Wednesday, July 11, 2007

Transferring Up

New York Times: By Jonathan Kozol
Congress has an opportunity to take advantage of the opening created by Justice Kennedy later this year when it reauthorizes the federal No Child Left Behind Act. The law gives children the right to transfer from a low-performing school to a high-performing school if the low-performing school has failed to demonstrate adequate improvement two years after being warned of its shortcomings.

Unfortunately, the transfer provision has until now been a bust. Less than 3 percent of eligible children have been able to transfer, in part because of the scarcity of space in high-performing schools within most urban districts.

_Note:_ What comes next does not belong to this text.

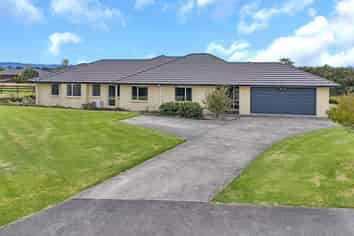 15 Des Terry Way, Waipu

Although the law does not prohibit transfers between urban and suburban schools, it offers no inducements to the states to make this possible.

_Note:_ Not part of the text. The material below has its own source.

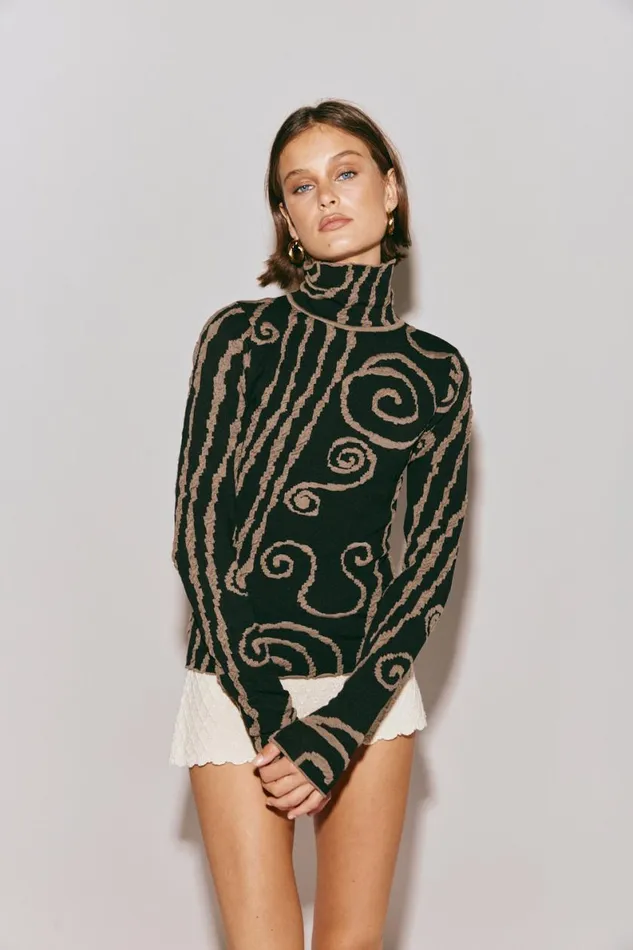 Long Sleeve Women VRG GRL Ivy Muse Knit Skivvy Black Swirl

Democrats in the Senate should therefore introduce an amendment to authorize and make easier cross-district transfers — not on a specifically race-conscious basis, but solely to fulfill the professed intention of the law.
There is obvious urgency to this. ...

In the Boston area, for instance, 16,000 children — nearly one-third of all minority children in the city’s schools — are on the waiting list to transfer. (It is worth noting that of the children who participate in the Boston transfer program, 95 percent graduate from high school and nearly 90 percent go on to higher education.)


Kozol, one of our best writers on education, specifies a number of provisions that such legislation should include, and calls on Senator Kennedy to take advantage of the opportunity provided by Justice Kennedy to ameliorate the wholesale resegregation of American education.

I've never been a fan of Bush's educational policy--always more promise than delivery. This might salvage a bit of substance in responding to patterns of residential (and associated jurisdictional) segregation. Hardly a panacea, but an incremental improvement in some areas.